GE Power uses data analytics on AWS to help power plant customers save millions of dollars, stream 500,000 data records per second, and scale to support the ingestion of 20 billion sensor-data tags. The company provides utilities and power companies throughout the world with solutions for power generation. GE Power runs its key data-analytics application on AWS, using Amazon Kinesis Data Streams and Amazon Elastic MapReduce.
GE Power equipment generates more than 30 percent of the world’s power. To make sure these plants are performing efficiently, the company relies on Predix, an application that collects and analyzes data from thousands of Internet of Things (IoT) sensors placed on power plant equipment. “We use this data to monitor the overall health of our customers’ equipment, so they can proactively take maintenance actions during scheduled downtime, instead of in response to failures, which is magnitudes more costly,” says Eric Pool, the director of Data and Analytics Infrastructure for GE Power.
For the past several years, GE Power has been moving more applications to the cloud in support of a company-wide digital transformation. To support this initiative, GE Power sought to migrate Predix to the cloud. “We hosted the application in our on-premises data center, which wasn’t scalable enough to meet data growth,” says Pool. “Data coming into the system had grown from 8 gigabytes to 200 terabytes, and that was a scale that was difficult for us to manage. We also needed to lower the latency of the application for monitoring purposes, because our customers expect us to alert them quickly if something is wrong with equipment, so they can take swift action to fix it.”
After considering various cloud solutions, GE Power selected Amazon Web Services (AWS) as its cloud provider. “AWS maturity made it the right choice for our data-analytics solution,” Pool says.
The new cloud version of Predix collects IoT data from equipment-based sensors at 900 GE Power customer sites across the globe. The data is ingested into Amazon Kinesis Data Streams and is then consumed by GE Power analysts or customers accessing Predix at power plants. The solution streams 500,000 data records to Predix each second.
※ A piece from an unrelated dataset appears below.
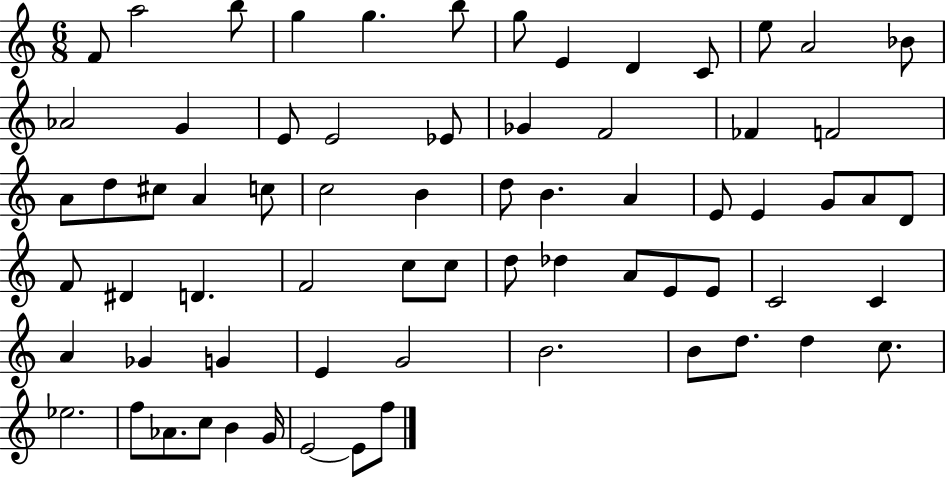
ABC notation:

GE Power uses Amazon Elastic MapReduce (Amazon EMR) as its base data-processing infrastructure. Amazon EMR manages the process of ingesting data into the Predix production database. The company also stores archival analytical data in Amazon Simple Storage Service (Amazon S3) buckets. Overall, the Predix application runs more than 1 million data executions every day. In addition, GE Power runs a performance-management application on top of Predix that sends automatic alerts to customers when equipment issues are found.
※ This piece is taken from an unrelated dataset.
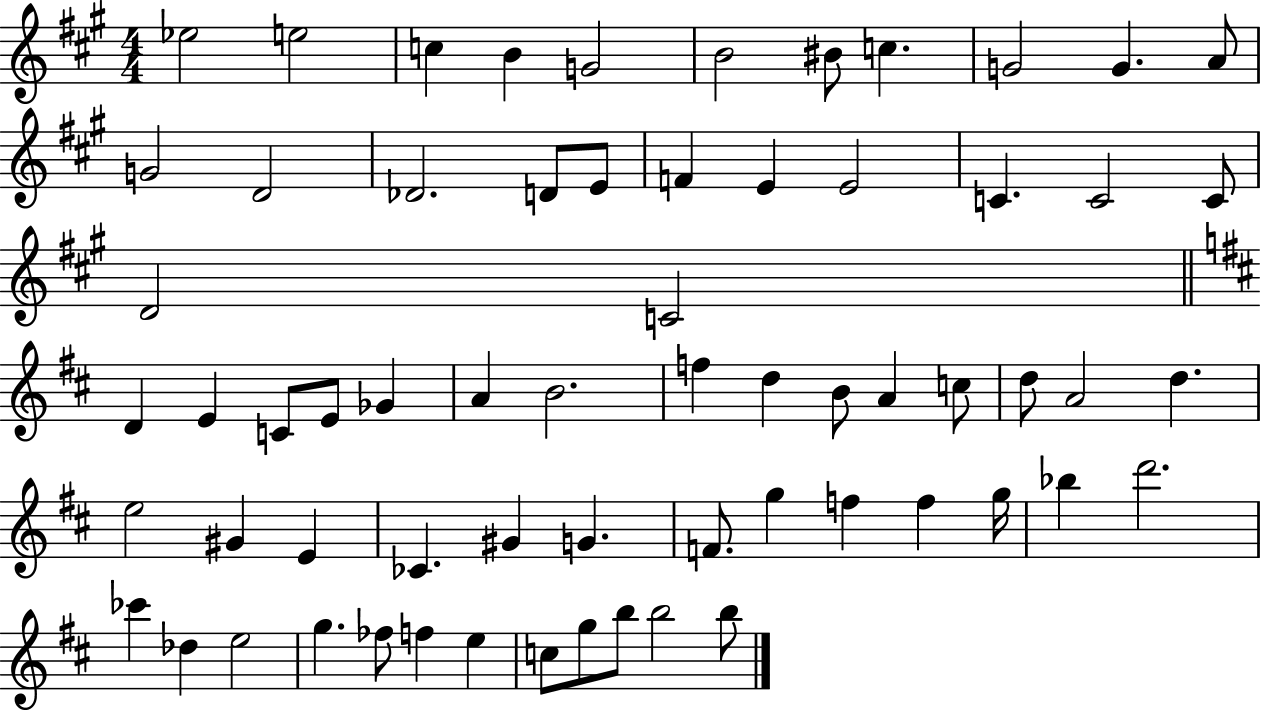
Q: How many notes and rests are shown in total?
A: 64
By running Predix on the AWS Cloud, GE Power has more than enough scalability to meet its fast-growing volume of customer data. “Using Amazon Kinesis Data Streams and Amazon EMR, we can ingest close to 20 billion machine-data records per day from sensors at power plants, a number that continues to grow,” Pool states. “Our existing on-premises infrastructure would have been very difficult and costly to scale to meet that kind of growth.”
GE Power is also helping its customers accelerate problem resolutions by using AWS to host its performance-management application. “As recently as one year ago, it would routinely take us weeks or even months to collect data, run analysis, generate results, and implement a change request for a customer,” says Pool. “Now, as soon as the application notifies us of an equipment problem, we can have the issue fixed within days.”
Using AWS, GE Power customers have better, faster visibility into their power plant operations. “Previously, when we received an alert about a potential equipment problem, we had to call or email a customer,” says Pool. “Now, our customers have full visibility into how their plants are operating because we can give them real-time insights into their equipment through the application. They can make better decisions on how to operate and manage that equipment.”
As an example, GE Power recently used Predix to promptly identify a problem with a customer’s power plant combustion system. Because the application revealed the issue early enough, the customer could schedule the equipment shutdown instead of having to perform a forced outage that would have shut the system down for too long. “The customer minimized downtime and loss of revenue,” says Pool. “Because of the real-time alerting we could provide, they repaired the problem at a fraction of what a catastrophic failure would have cost. They saved millions of dollars as a result.”
GE Power is also helping its customers improve plant operational efficiency. “Because we get deeper and faster insights by running our application on AWS, we can do more,” Pool states. “We can measure how long a given part will last in a plant, for example, because we can get better analysis of the conditions in that plant and the likelihood of impact on the equipment. Overall, this means we can certify that customer parts will run longer, minimizing downtime and additional costs.”
In the future, GE Power hopes to continue driving efficiencies for its customers by taking advantage of emerging technologies on AWS. Pool says, “We are exploring the use of machine learning and artificial intelligence applications, and we plan to use AWS technologies to help us build new solutions for our customers as we move forward.”